#### EXERCISE BRIEF:
Give back the whole listing exactly as written, leaving out each picture.

#### SOURCE DATA:
+++
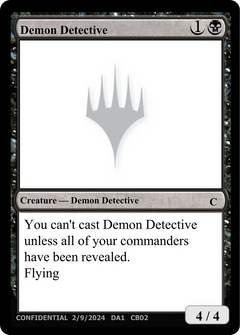 Demon Detective (UNK-CB02A) - Unknown Event-1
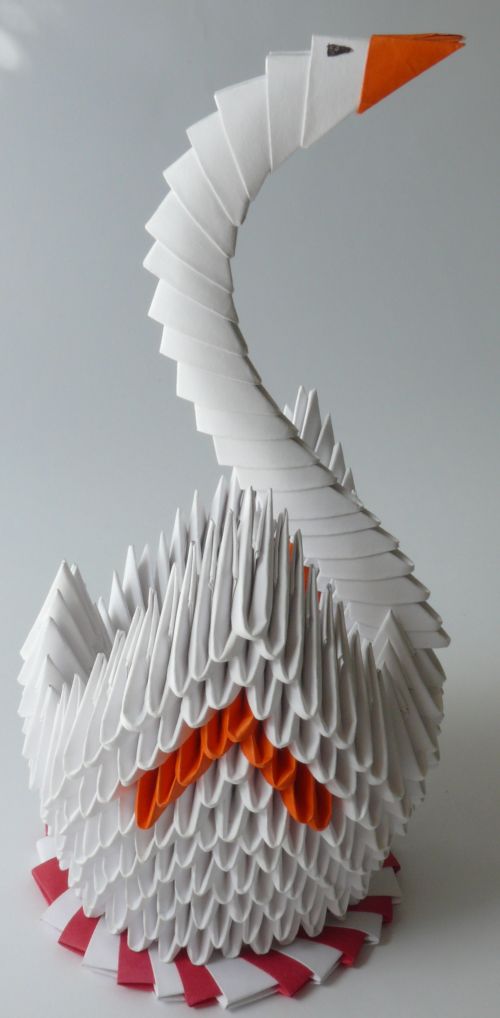 модульные оригами: лебедь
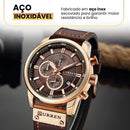 Relógio Curren Magnatta™ + Carteira Antifurto com Proteção RFID [Brinde]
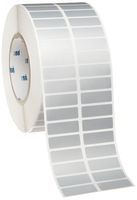 Brady THT-37-434-10 1.5" Width x 0.5" Height, B-434 Metallized Polyester, Gloss Finish Silver Thermal Transfer Printable Label (10000 per Roll)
+++
#### YOUR SOLUTION:
 Demon Detective (UNK-CB02A) - Unknown Event-1
 модульные оригами: лебедь
 Relógio Curren Magnatta™ + Carteira Antifurto com Proteção RFID [Brinde]
 Brady THT-37-434-10 1.5" Width x 0.5" Height, B-434 Metallized Polyester, Gloss Finish Silver Thermal Transfer Printable Label (10000 per Roll)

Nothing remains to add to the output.